El
surgimiento del Estado de derecho como proceso
significó la transición del antiguo régimen personalista de la voluntad omnímoda
del monarca, al establecimiento de controles y límites al gobernante, y la
institucionalización de la democracia representativa, a través de parlamentos
encargados de representar la voluntad popular para orientar el futuro de los
Estados en contraposición de la voluntad individual y caprichosa de un
individuo en el poder.
Sin
entrar de fondo en el debate entre el modelo francés sobre los límites del
constituyente primario y el constituido, con el modelo norteamericano que
concebía el poder constituido limitado por la voluntad del constituyente
primario, hoy es cierto que el Estado de derecho tiene claros límites a los
poderes constituidos y constituyente (Schmitt).
La
concepción contemporánea de democracia no es la formula simple del poder de las
mayorías, y el Estado de derecho es todo lo contrario a la captura
institucional por parte de partidos y poderes personalistas. Las garantías a
las minorías y la oposición, la alternancia en el poder y el respeto por los
derechos humanos en todas sus generaciones de forma interdependiente, son características
y límites de y en una democracia de rango fundamental (Elías Días).
El
pasado martes el órgano representativo venezolano otorgó por un año facultades
expresas al presidente Maduro, mediante las que podrá gobernar a través de
decretos, es decir, sin consultas ni debates democráticos, sino atendiendo a su
criterio personalista y caprichoso, en un contexto de persecución a la
oposición, de limitaciones a los derechos de primera generación y de
derrumbamiento institucional y del orden público.
Para
quienes de alguna forma conocemos el surgimiento del Estado de derecho, el
proceso de consolidación y maduración de los derechos humanos y la democracia, nos
debe resultar aberrante la realidad venezolana.
Venezuela
acaba de cubrir de legalidad democrática el retroceso que la somete a los
caprichos vanidosos y compulsivos de su "monarca" sin formación,
retroceso que ya ha ocurrido en la historia.
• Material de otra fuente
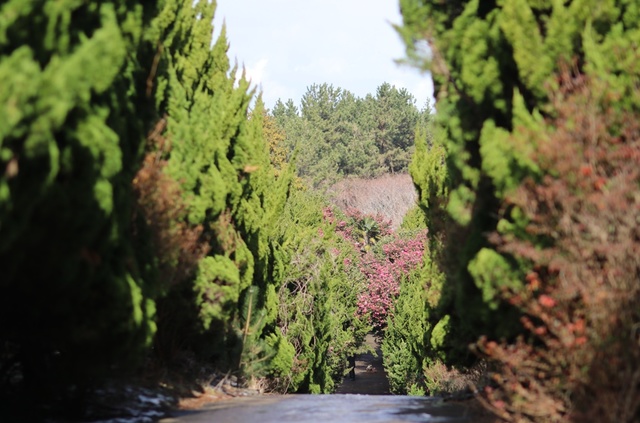 서귀포시 남원읍 신흥리 동백길 *재판매 및 DB 금지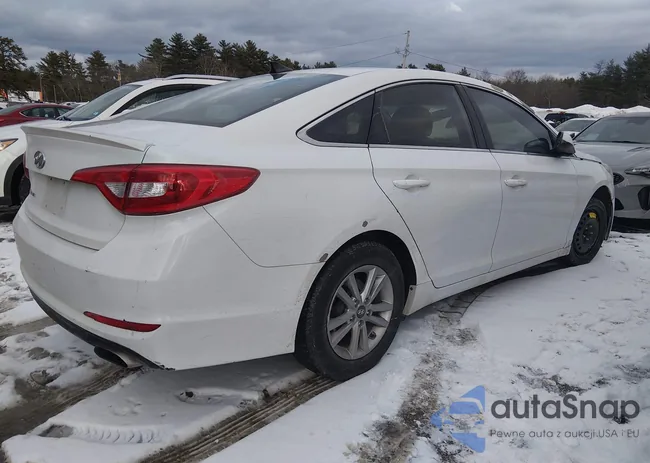 5NPE24AF2GH394804: 44367351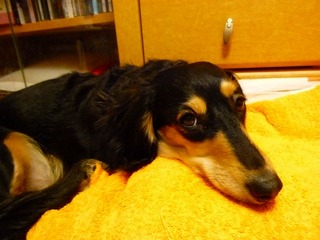 日常 1058.jpg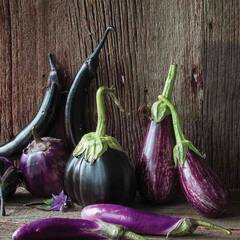 Brinjal: ਕੈਲੋਸਟਰੋਲ, ਸ਼ੂਗਰ ਨੂੰ ਕੰਟ੍ਰੋਲ ਕਰਦਾ ਤੇ ਮੋਟਾਪਾ ਦੂਰ ਕਰਦਾ ਬੈਂਗਣ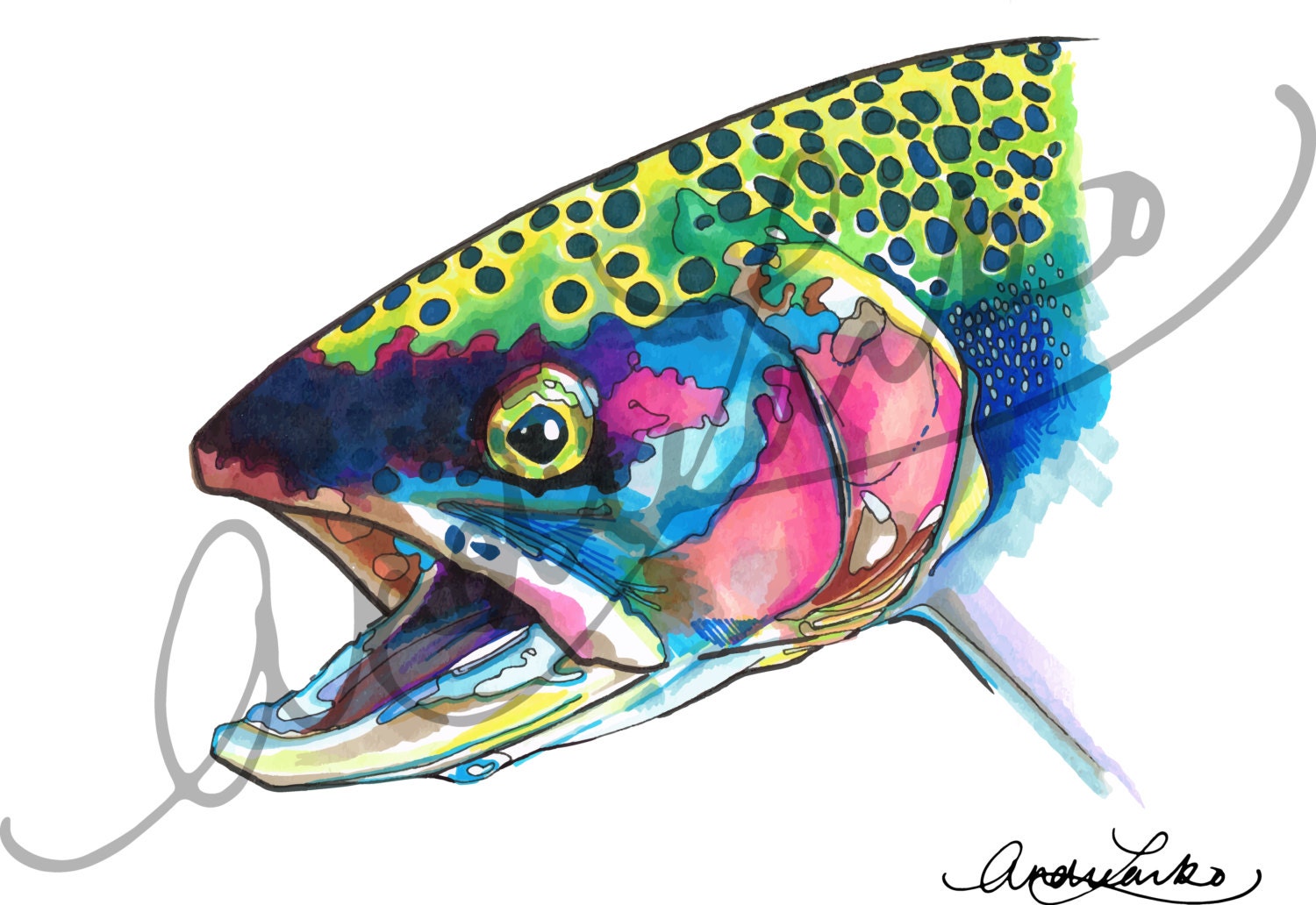 Marker Rainbow Trout Fish Art Print 8.5x11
El ejemplo mas horroroso nos
remite a la Alemania Nazi, donde su Fuhrer todo lo hizo bajo el manto de la
legalidad y con procedimiento de democracia formal.
El
caudillismo o personalización del Estado ha tirado al traste los avances en
materia de derechos humanos y democracia material. Sus consecuencias nefastas todavía
las recuerdan quienes han padecido esas épocas, y Venezuela nos recuerda que todavía
estamos en riesgo de repetir esas tragedias, que muchas veces con el discurso
populista se establecieron en el poder prácticas de tiranía, incluso por
mayorías democráticas.
Es
recurrente hoy en América Latina encontrar latente este riesgo, y en Colombia,
que durante 8 años un régimen en el poder convirtió en un muladar toda la
institucionalidad del Estado colombiano desde la Casa de Nariño, imponiendo sus
más oscuros intereses, hoy rinde el más bajo homenaje al caudillismo y la personalización
estatal con su rostro y nombre para identificar un movimiento de contenido y
aspiraciones tan oscuros como los de sus más ilustres representantes.
Frente
a la vergüenza descarada que Venezuela hoy vive en torno a la democracia, la institucionalidad y los
derechos humanos, Colombia no tiene las condiciones para criticarla cuando ha
sido complaciente con estructuras de poder con las mismas aspiraciones que el chavismo encabezado por Nicolás Maduro ha
alcanzado: el desmonte del Estado de derecho en pro de una personificación del
Estado, el sometimiento de la minoría por la imposición de la mayoría que
otorga poderes omnímodos a su líder carismático, recordando a Weber, y rebajando
los derechos humanos a un mero discurso de bolsillo y conveniencia, echándonos
en cara nuestra aparente incapacidad de legitimar racionalmente el poder
(nuevamente usando a Weber).
Es
lamentable lo que ocurre hoy en Venezuela, pero que en Colombia hoy muchos quisieran,
desde otra orilla y con el rostro y nombre de su caudillo encabezando el nombre
de su movimiento, alcanzar a toda costa.